This article was originally published on Tractica’s sister site Light Reading.
Telecom service providers will use AI to manage and operate networks or many of their businesses won’t survive.
That’s one of the key findings of our recent report, and it’s based on the simple economics of price, cost and profitability.
Telecom is a capital-intensive business with high fixed costs, which puts pressure on service providers to control variable costs, especially human capital. This has always been an issue, but recently it’s getting worse.
In 2017, Tom Nolle of CIMI Corporation estimated that many CSPs crossed the point where revenue per bit was lower than cost per bit in 2017. Threatened by fast and highly efficient web-scale companies, service providers are straining under the challenge posed by digital transformation. On top of that, they must solve how to manage and operate the dizzyingly complex 5G networks profitably. IoT use cases, ranging from autonomous cars and industry sensors to smart cities create a multiplier effect for network complexity. Most experts believe 5G network monitoring and management will largely be beyond human control, and that AI-fueled automation is the only way CSPs will be able to offer future network services.
While it is important to acknowledge that many automation processes for networks will be deterministic, telecom is a business ripe for AI, which dangles the promise of lowering costs and boosting efficiencies, and the biggest target is network management, and nirvana is a fully (or near fully) autonomous network.
So, how are things looking?
In our report, Tractica forecasts spending on AI-driven network management software will grow from $23 million in 2018 to more than $1.9 billion in 2021. In relative terms for service provider capex and opex spending, that’s not a lot, but we believe 2021 will be the inflection point, as telecom operators increasingly adopt SDN and NFV and begin to deploy 5G networks and leverage comprehensive network automation solutions. As telecom operators shift their capex investments from hardware-centric networks to software-based, open-source network opex investments, AI-driven network operations will command an increasingly larger proportion of overall network investments.

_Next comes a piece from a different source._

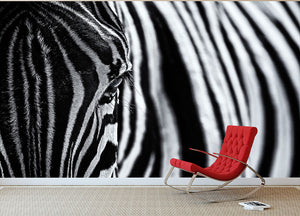 Zebra Close Up Wall Mural Wallpaper - Canvas Art Rocks - 2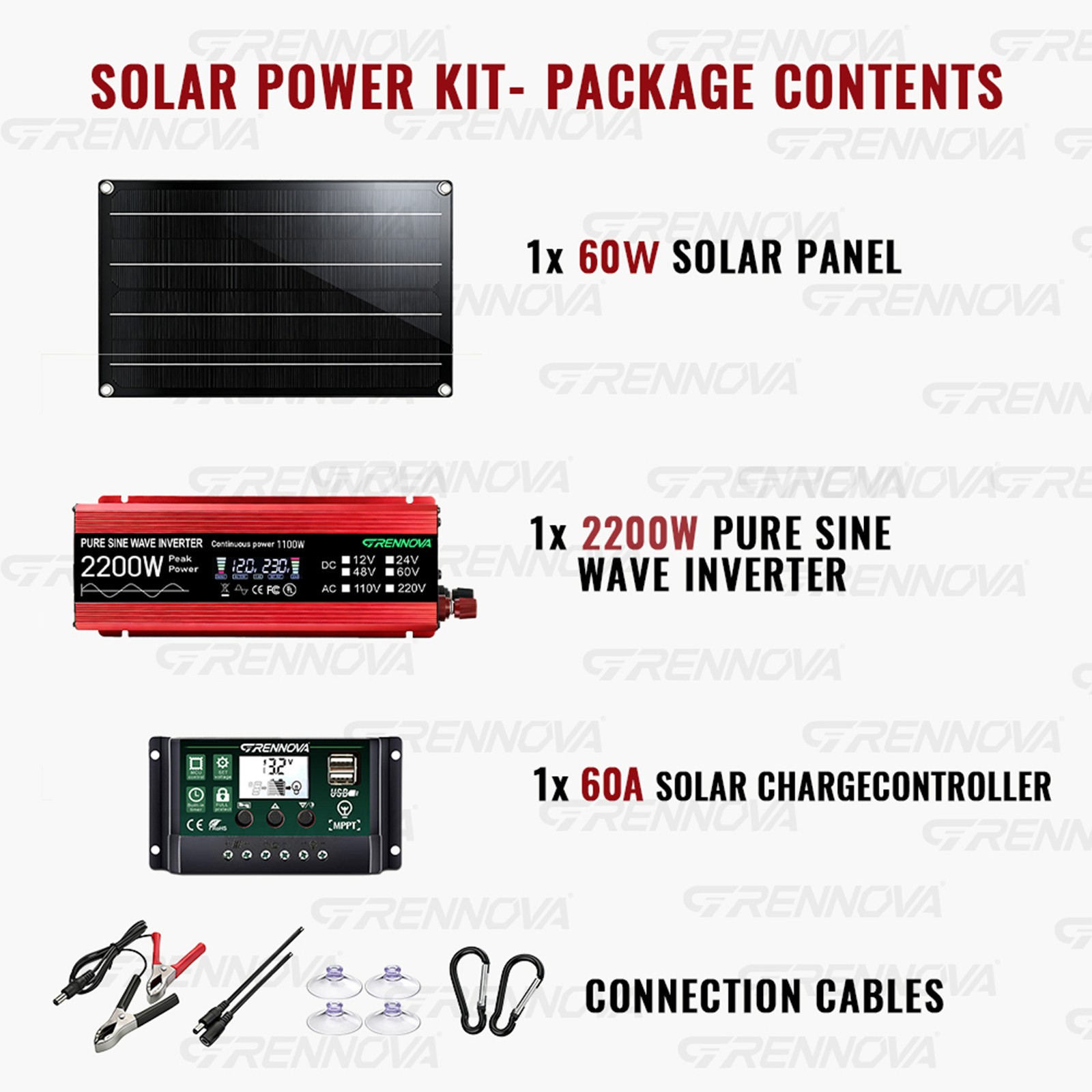 Grennova 2200W Off-Grid Solar System 60W Panel 60A MPPT Pure Sine Inverter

By 2025, Tractica forecasts annual spend for AI network operations solutions to reach $7.4 billion.
However, there are significant challenges for AI network operations solutions adoption: the adoption of SDN and NFV, struggles in sufficient cross-vendor (AI) interoperability (read: vendor resistance to open source) and an ongoing demand for deterministic automation solutions.
We delve into all of these issues in detail in the report, but for now, let’s take a look at an example of a practical path to increased AI network management:
Networking software player Aria Networks has built an AI-based network optimization solution that, today, goes beyond prompting network engineers. Its customers include Verizon, Telus, Level 3 and other Tier 1 operators.
“If the goal is automation (and perhaps even autonomy), it’s an incomplete strategy to focus only on identifying patterns,” wrote Robert Curran, CMO, in an email to Tractica. “In a network-centric business like telecom, understanding how decisions are made about how, and when to change the network are the real heart of the operation. That’s where automation efforts should be focused.”
Curran gave some examples of where its automated network management solution is solving network issues:
One of our customers has to send out IPTV signal across the network. For protection purposes, it has to be sent from two different studios. The problem is how do you compute that so the service meshes and syncs? You need to do it so you can optimize and get more traffic on the networks. It’s a timescale complexity issue. Using conventional methods, you would have to pre-test it a week before. Another example of how the solution works might be maximizing cost efficiencies. A video service sending content to a location, the cost of that from a data center, power and transport costs vary, so if you could move that to a more cost-friendly center, that would be good. A third example would be ensuring revenue streams. Let’s say you are televising a Formula One event and want to sell click through. If that signal degrades, you lose revenue, because you can’t sell that click through.
The road to network automation is an uncertain one, but the market will learn, as it always does, while pioneers take risks to blaze the trail.